A: After twelve years of marriage my wife and I have two children - a boy aged 11 and girl, 7. Georgians have one word for everyone who is not Georgian ‘uckhoeli', which translates as stranger. So I feel like stranger sometimes. Even after so many years, I am still figuring out the Georgian culture. In 1992 when I first visited Tbilisi I was fascinated that even though people were waiting for hours in line for bread and searching for eggs and meat, dealing with hyperinflation and crime and that terrible feeling that nobody knew what was going to happen next, they would still invite you into their home, and have a four or five hour Supra with 20 people, the traditional Tamada, and since everyone has a piano or a guitar there was always singing and dancing. And I thought - this is crazy, where do these people find money, time and energy for this?

Now even after 15 years of living here I am still figuring out a lot of it and I am still fascinated with the culture which is so old: the mentality of the Caucasus, where the East meets West; the relationships between the men and women and kids.
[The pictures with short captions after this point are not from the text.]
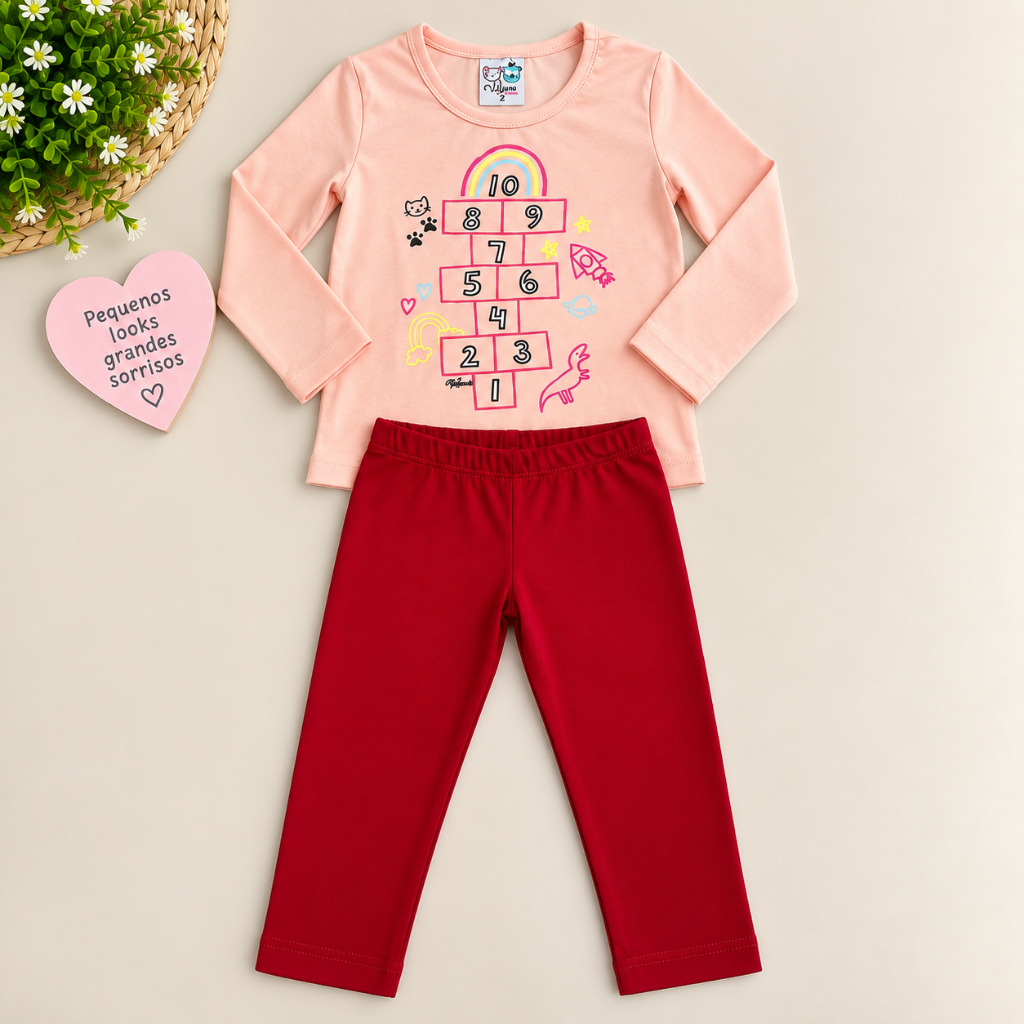 Conjunto Infantil Menina Meia Estação Valem Kids Manga Longa com Calça Roupa Infantil Estampas Sortidas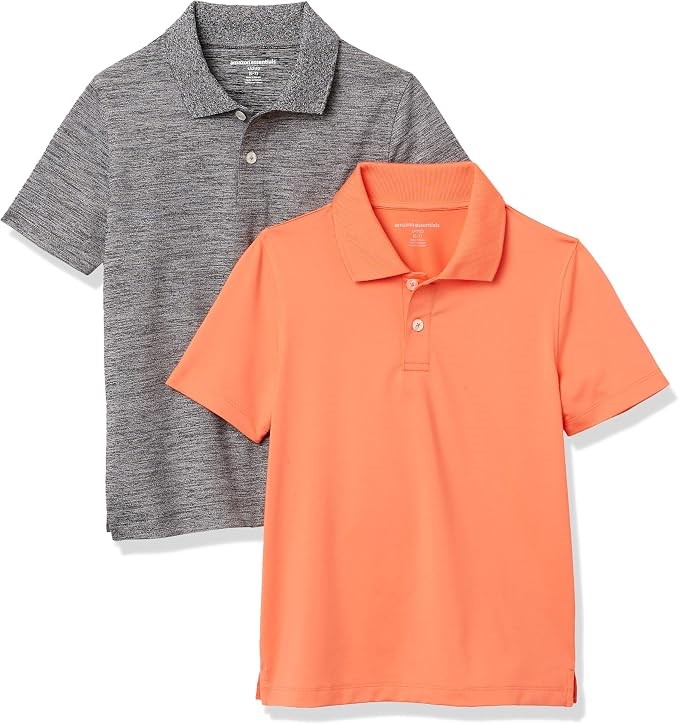 2pk x AMAZON ESSENTIALS Boys' Active Performance Polo Shirts, Size 2T, Oran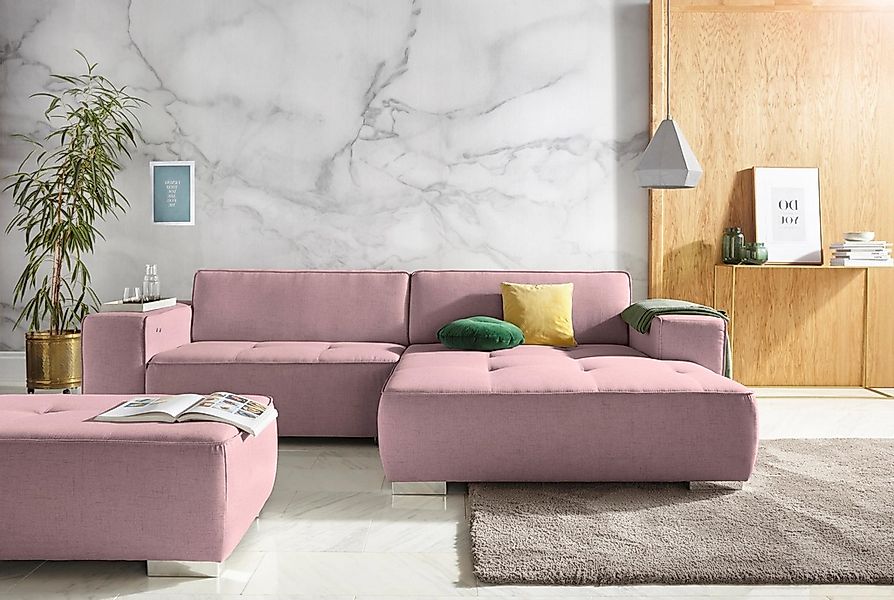 Home affaire Ecksofa "Sapporo L-Form" wahlweise Bettfunktion oder Sitztiefe günstig online kaufen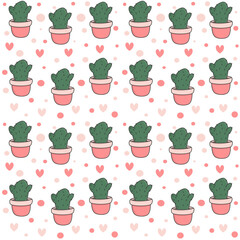 cute potted cactus seamless vector pattern background illustration with hearts and dots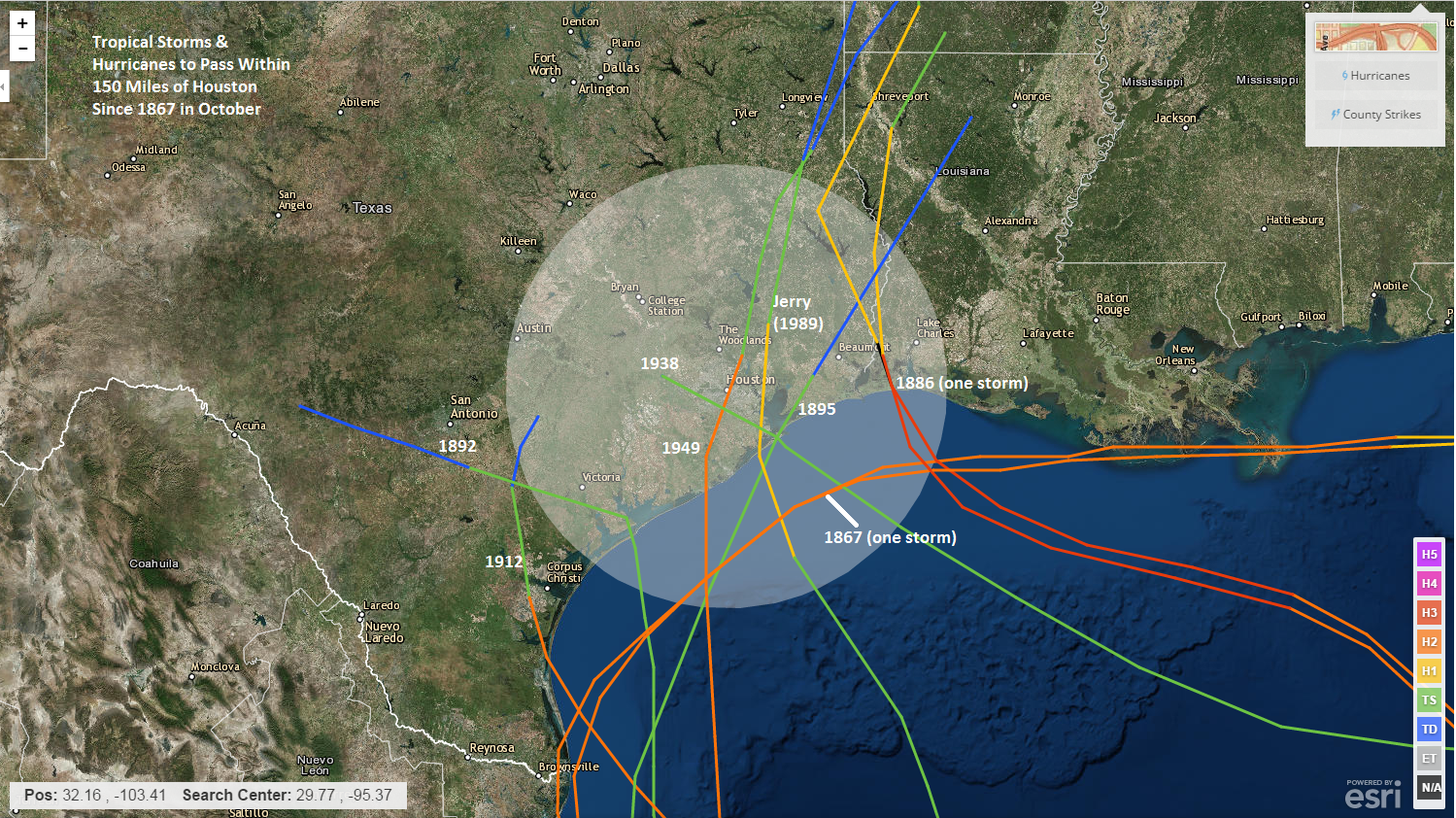 Storms to pass within 150 miles of Houston in October since the mid-1800s. (NOAA)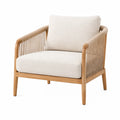 Fauteuil 75 x 80 x 80 cm en bois naturel et corde beige avec assise rembourrée style contemporain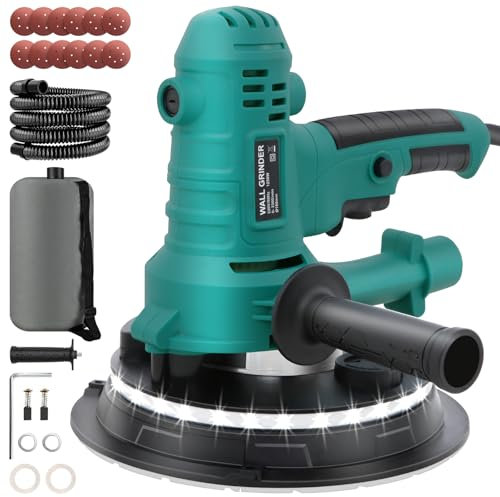 Lijadora de Pared 800W, Lijadora Pared con Velocidad Variable Succión Ajustable con LED, Sistema Automático de Recolección de Polvo,12 discos
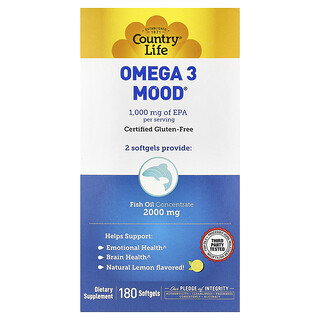 Country Life, Omega 3 Mood®, Natural Lemon, 180 Softgels
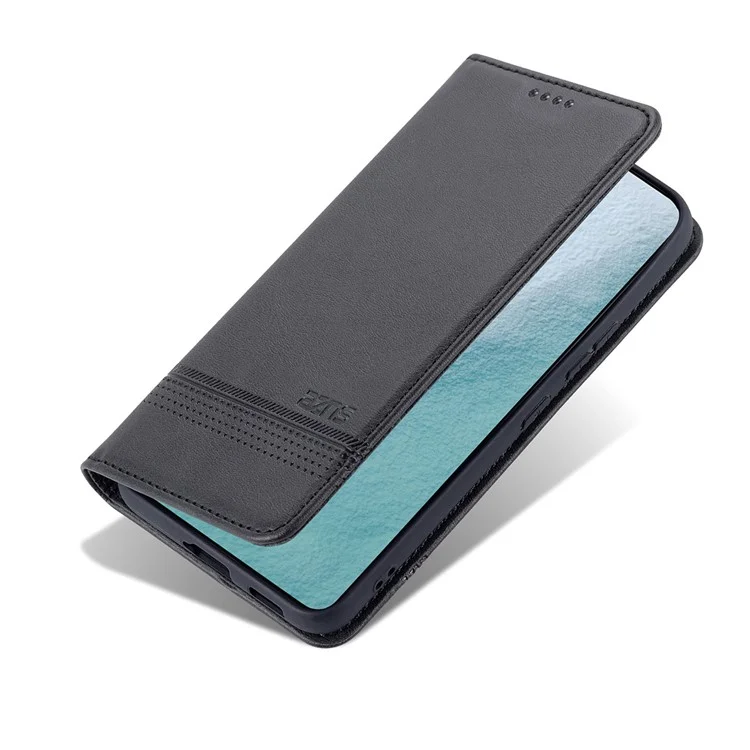 AZNS Magnetic Auto-absorbed Full Protection Phone Deckung PU Leder-standard-brieftaschenhülle Für Samsung Galaxy S22+ 5g - Schwarz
It seems like Americans grow up faster, they are expected to leave home at 18-19 to live on their own; in Georgia there are extended families living together all the time, which keeps people closely tied and connected and there is a lot more community understanding and knowledge about who is who and their history etc... But, for all the good that brings, it makes an already small town very, very small.

My Georgian? I can say enough to get in trouble but sometimes not enough to get out of trouble. People I work with speak English and most of the business I do is in English. Though everybody who wants to come and do business here should make some effort to learn a little Georgian. Everyone appreciates this. Georgia is an interesting place, but very complicated and chaotic at the same time if you don't understand some of the basics. And it's important to be as positive as possible and try to manage your expectations. If you are honest, and you are good and patient, work hard and expect the same from everyone else, eventually it's respected and returned.